Singapore Eyes First in Asia for Mandatory Climate Reporting
- Singapore may mandate ISSB climate reporting
- Public consultation to conclude by September
- Mandatory reporting by FY2025 for listed companies
- First in Asia for ISSB-aligned NLCos reporting
- Concurrent use of other reporting standards allowed
Singapore’s major listed and non-listed firms may soon have to adhere to the International Sustainability Standards Board’s (ISSB) newly released standards for climate-related reporting. The Accounting and Corporate Regulatory Authority (ACRA) and Singapore Exchange Regulation (SGX RegCo) are seeking public feedback on this proposal until September, with finalized recommendations to come in 2024.
The committee proposes mandatory climate reporting by FY2025 for listed companies and by FY2027 for large non-listed companies with annual revenue exceeding SG$1 billion. About 1,000 companies, including 300 non-listed entities, will be affected, making Singapore potentially the first in Asia to enforce ISSB-aligned climate reporting for NLCos.
Similar efforts are underway in Hong Kong and Japan, while Singapore plans to extend this requirement to private companies with SG$100 million revenue by FY2030, including an estimated 2,200 more firms.
From 2028, Singapore-based firms operating significantly in the European Union must also comply with the EU’s Corporate Sustainability Reporting Directive (CSRD), which emphasizes a “double materiality” approach.
Starting this year, listed companies in certain sectors must follow the Task Force on Climate-related Financial Disclosure (TCFD)’s recommendations. This mandate will expand to include more industries in 2024.

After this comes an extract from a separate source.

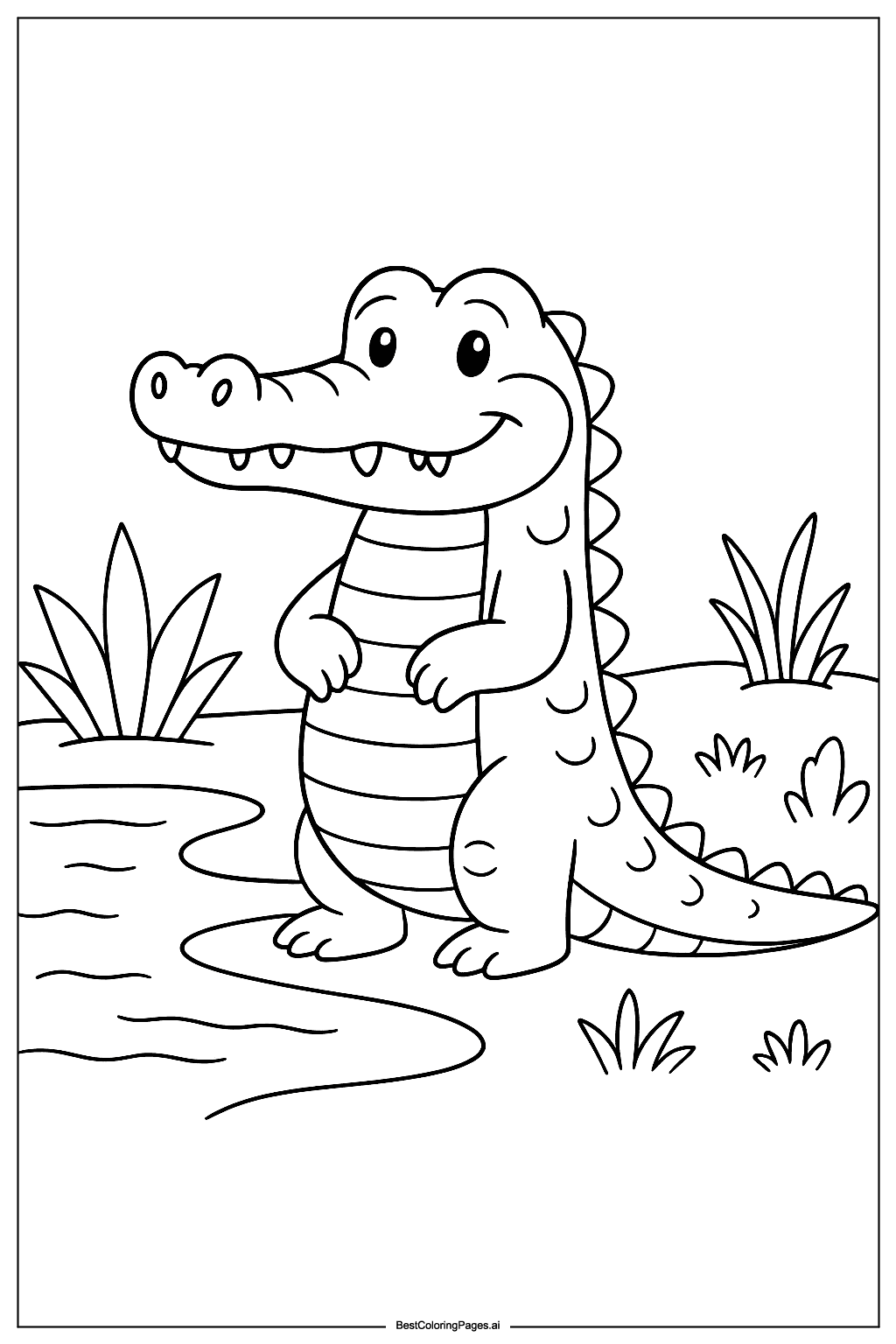 Crocodile near river Coloring Page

Upon implementing these changes, companies would not need to report their Scope 3 emissions in the first year. Two years post-implementation, however, limited assurance on Scope 1 and 2 emissions will be required, following standards modeled on the International Standard on Sustainability Assurance (ISSA) 5000 or International Organisation for Standardisation (ISO) 14064-3.
Singapore also plans to enhance national capabilities in sustainability reporting and managing carbon emissions starting 2024, backed by a SG$180 million fund. Concurrent use of other reporting standards such as the Global Reporting Initiative (GRI) will also be permitted.